Sansal, qui s’est toujours déclaré favorable au rapprochement entre les deux pays, a expliqué qu’il parlait avec retenue, lui qui se décrit comme habituellement “exubérant”. Il dit penser en permanence aux autres détenus, et notamment au journaliste français Christophe Gleizes, toujours emprisonné en Algérie. « Il n’est pas le seul. Des dizaines de prisonniers politiques se trouvent derrière les barreaux pour des motifs pour le moins obscurs », a-t-il déploré.
Christophe Gleizes, journaliste pour So Foot et Society, a été condamné en juin à sept ans de prison en première instance pour « apologie du terrorisme ». Son procès en appel est prévu le 3 décembre.

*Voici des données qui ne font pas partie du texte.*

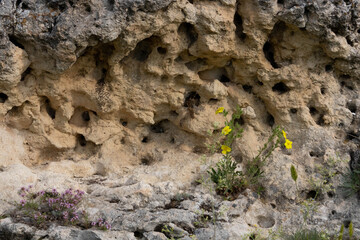Flowers sprouting in a stone with holes on a sunny summer day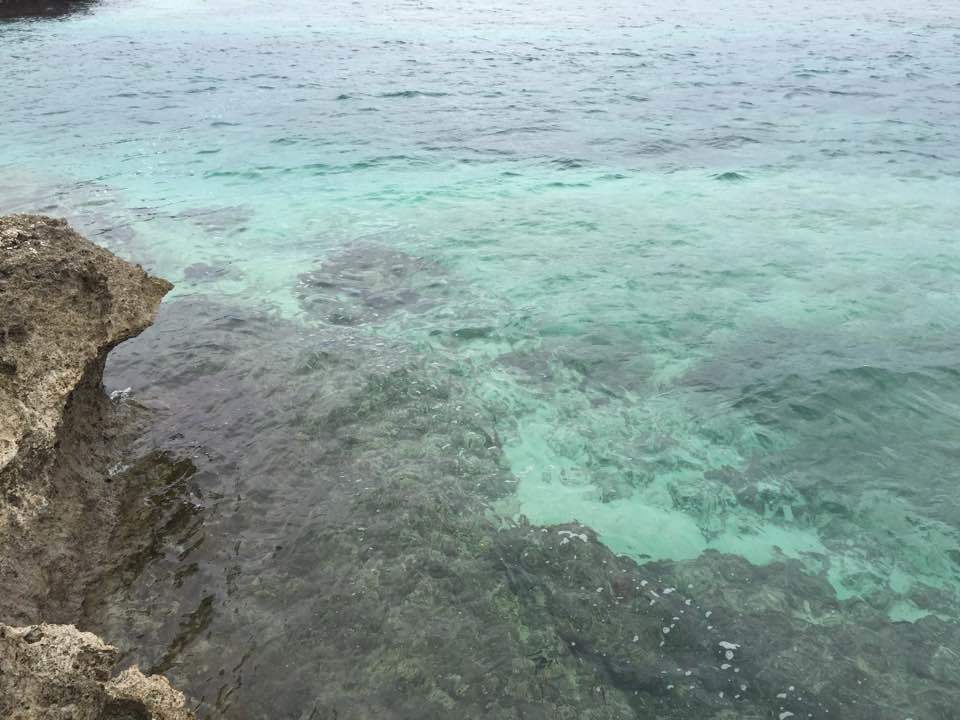 d0024504_23160979.jpg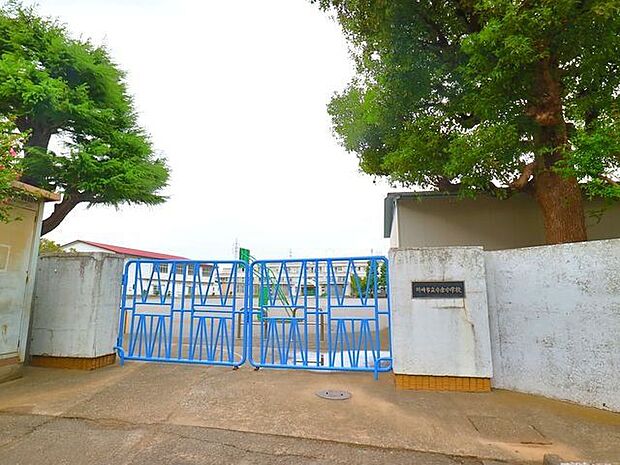 川崎市立小倉小学校 500m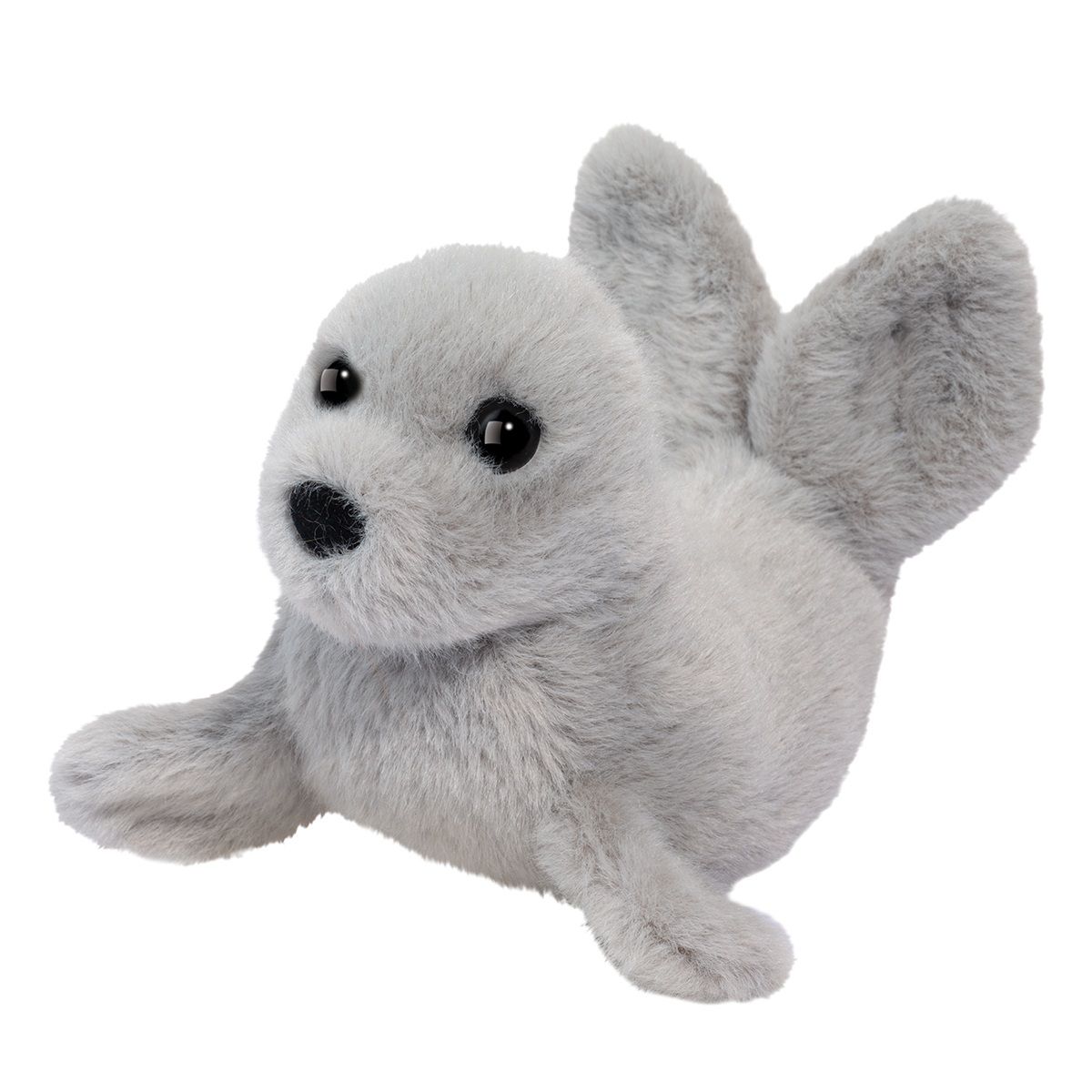 Douglas - Lil' Baby Seal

Boualem Sansal a également confié craindre pour la sécurité de ses proches : « Si je retourne en Algérie avec mon épouse, j’ai peur qu’on arrête aussi mon épouse », a-t-il révélé.
Dans un entretien accordé au Figaro, il a affirmé avoir compris très tôt les raisons de son arrestation : selon lui, son amitié avec l’ancien ambassadeur de France Xavier Driencourt et la reconnaissance par Paris de la pleine souveraineté du Maroc sur le Sahara, position vivement rejetée par Alger, ont joué un rôle déterminant.
La crise diplomatique entre la France et l’Algérie s’est en effet aggravée depuis juillet 2024, lorsque le président Emmanuel Macron a apporté un soutien total au plan d’autonomie marocain pour le Sahara, provoquant l’ire du régime algérien.
À 81 ans, l’écrivain dit tenter de réapprendre à vivre libre : « On redécouvre des odeurs, des sons, des sensations qu’on avait oubliées », confie-t-il. Soigné pendant sa détention pour un cancer de la prostate, il assure aujourd’hui être « en bonne santé » et avoir bénéficié d’un traitement « remarquable ».